Few people today are involved in procuring or processing the raw materials that still drive our steel-dependent modern lives. After last week’s visit to Fayette, I find myself consciously thinking about the manufacturing processes and raw materials that have gone into creating the big and little things that make our current travels possible. The truck that pulls our trailer? The frame the trailer sits on? The bikes we cruise around on? The cast iron pans we cook all our meals in? Each and every one of them started with a combination of pig iron and carbon which became steel.

The machine shop was responsible for fixing anything and everything mechanical or electrical that broke or was causing the larger pig iron process to run inefficiently. Every day for these engineers was different. Every problem that arrived was a ‘needed that fix 20 minutes ago’ situation. The metal shutters and extra thick walls protected the rest of the site from explosions.

The men would line up each week in the above wooden building to get their pay packets from an iron-bar and safe-protected office door which was along the corridor that stretched from one of the building to the other. The Manager had his office next to the Pay master’s, and the men would pass it on their way out of the building.

Fayette was a company town, which meant that the company owed all the facilities, lodgings, and services available. Fayette was known for having fair prices and good services, which was not often the case, and was therefore a popular place to work — despite the harsh climate and hard, dirty work.

Entire families, with often a boarder or two, would live in a small cottage like the one above. Packed tightly one after the other, the conditions in one report were referred to as being dirty, loud, brutish, congested, blanketed in foundry smoke day and night, and disease-promoting with hordes of barefoot, filthy children intermixed with discarded bones, garbage, and animal feces.

The better paid employees enjoyed a more pleasant home environment, as well.
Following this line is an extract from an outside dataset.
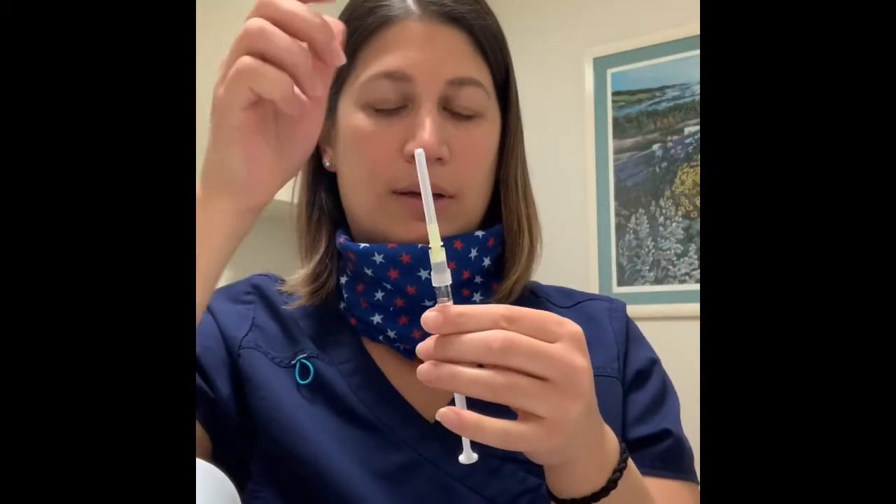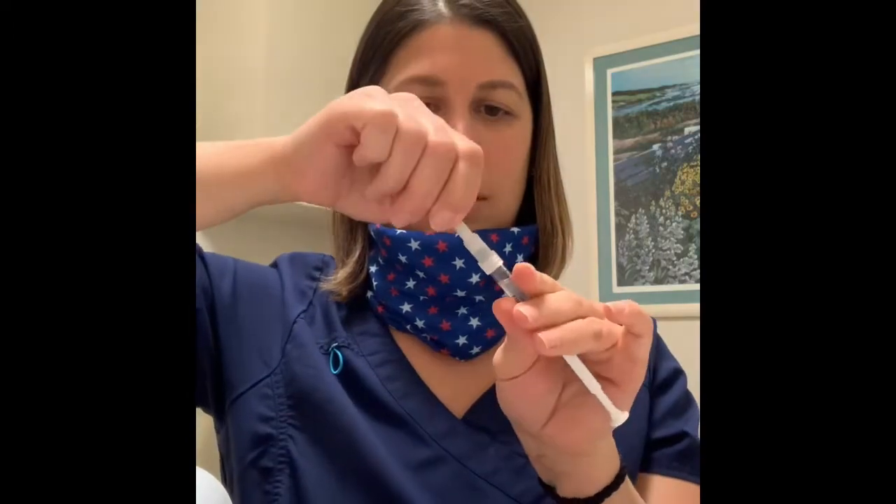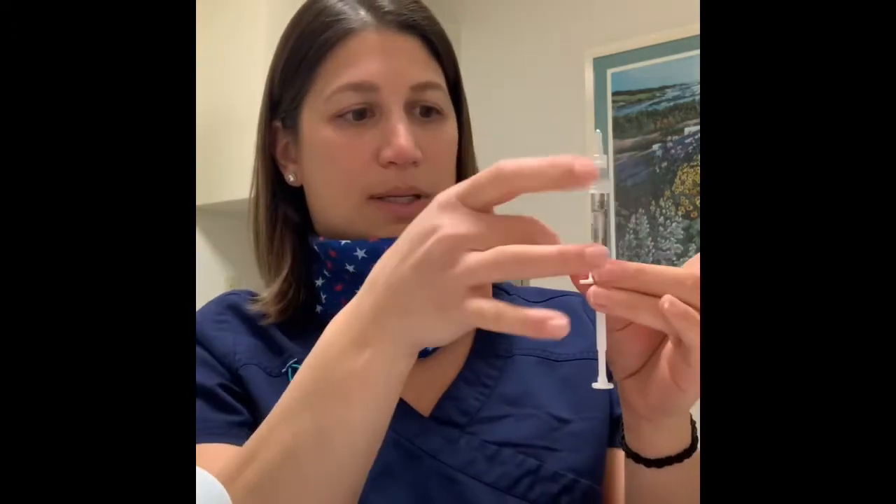Once you have all the medicine in the syringe, recap the yellow needle very carefully, twist it off, and throw it in the sharps container. Take the gray-hubbed needle, twist that one on, and take the safety off. If there are any air bubbles, flick them. Just remember to pull back a little, then push up until you have a small bead of fluid at the tip of the needle.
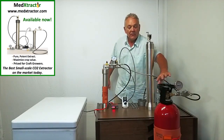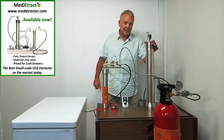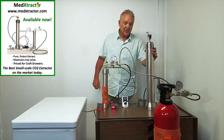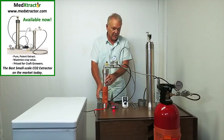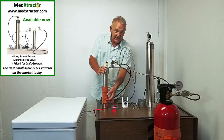The CO2 will flow from this warm side supply tank. It will run through the extraction chamber, pick up extract as it runs through, and be released into the collection chamber here. The CO2 will drop its extract load in the collection chamber and the extract will run down to the bottom.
Farther from the sounds and smells of the foundry, they had more personal space and cleaner living conditions. They were able to travel occasionally to Escanaba, as well, where lower prices and a larger variety of goods were available for purchases.

The company manager lived in the largest and grandest building, dubbed The White House. From its distant, harbor-side location, he could see the entire foundry and services operation. His family and servants enjoyed the cleanest and quietest home in town.

This large hotel welcomed all kinds of guests and had two signature, two-story privies with covered walkways, to accommodate its winter guests in comfort and style. Even after the company town closed, the hotel continued on its own, welcoming recreation-focused guests until the Second World War.